The operating performance of banks as a group is getting better as credit demand gradually rises in Singapore. Loan growth is steadily rising, and the latest statistics are very encouraging–loans expanded by 7.1 percent year-over-year as of the end of August, up from 6.1 percent in July (see the chart below). Consequently, SRI Portfolio holding United Overseas Bank remains a strong buy.

SingTotalLoans
Source: Bloomberg

The property story I mentioned above is also getting better by the day.
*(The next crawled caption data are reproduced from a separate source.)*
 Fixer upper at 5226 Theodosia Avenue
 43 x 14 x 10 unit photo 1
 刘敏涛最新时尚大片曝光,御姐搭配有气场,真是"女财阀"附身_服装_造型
Singapore has been on the receiving end of strong foreign direct investment (FDI) dollars, which at USD12.6 billion in the first half of 2006 is almost twice as much as the FDI that came in the mid-1990s and early 2000.

A lot of this money is finding its way to real estate–residences, hotels, malls and offices. The high-end residential area is particularly hot with foreign investors, as they currently account for 60 percent of demand.

This comes as no surprise; in fact, this part of the market should do well in the future, too, as Singapore implements its program for attracting foreign talent to its growing money management industry. This is the main reason prime office rents are rising rapidly in Singapore.

SingTotalOffSpace
Source: Bloomberg

As the following chart shows, the amount of money under management in Singapore has been growing steadily. It’s expected to grow dramatically in the future as Singapore continues to project itself as a viable and responsible alternative to other banking centers. The interesting statistic, though, is that funds sourced from the Middle East and South Asia grew 30 percent and 56 percent, respectively, year-over-year.

SingAssMgmt
Source: Monetary Authority of Singapore

Because the government is repositioning Singapore as a “global city” where one can live, work or just have a good time, a lot of rich people are being persuaded by their money managers to buy luxury property in the country. As a result, new luxury buildings are popping up, and the price per square foot has reached, in some cases, as high as USD1,700.

In an effort to enhance the country’s appeal to foreigners, Singapore recently awarded a big casino development project, the Marina Bay Integrated Resort, to Las Vegas Sands Corp.

I’m adding two Singapore property plays to the Portfolios. One, Keppel Corp (OTC: KPELY) is now a member of the SRI Portfolio. The other, City Developments (OTC: CDEVY), is an Alternative Holding. Also making its debut in the SRI Portfolio is Hong-Kong real estate developer Cheung Kong (OTC: CHEUY). I’ll have more on these companies next week.

Note that although these companies do stand to benefit from regional economic development, they’re a little riskier. But if the market performs well into the end of 2006–particularly November onward–then tactically, the results should be beneficial. The longer-term story seems solid.

Finally, a word on Thailand. A couple weeks ago, I offered my assessment on the military coup that took place in Bangkok (see SRI, 20 September 2006, A Public Holiday). I noted then, “Those who purchased shares of Bangkok Bank should stay with the investment. Those who haven’t done so should start accumulating shares (always in the context of a diversified portfolio) once the market opens in Thailand and the first shock has been digested.”

This assessment is still valid, although recent developments–mainly the appointment of a former army commander as the interim prime minister–aren’t very encouraging. I’m monitoring the situation and will provide a more detailed update soon.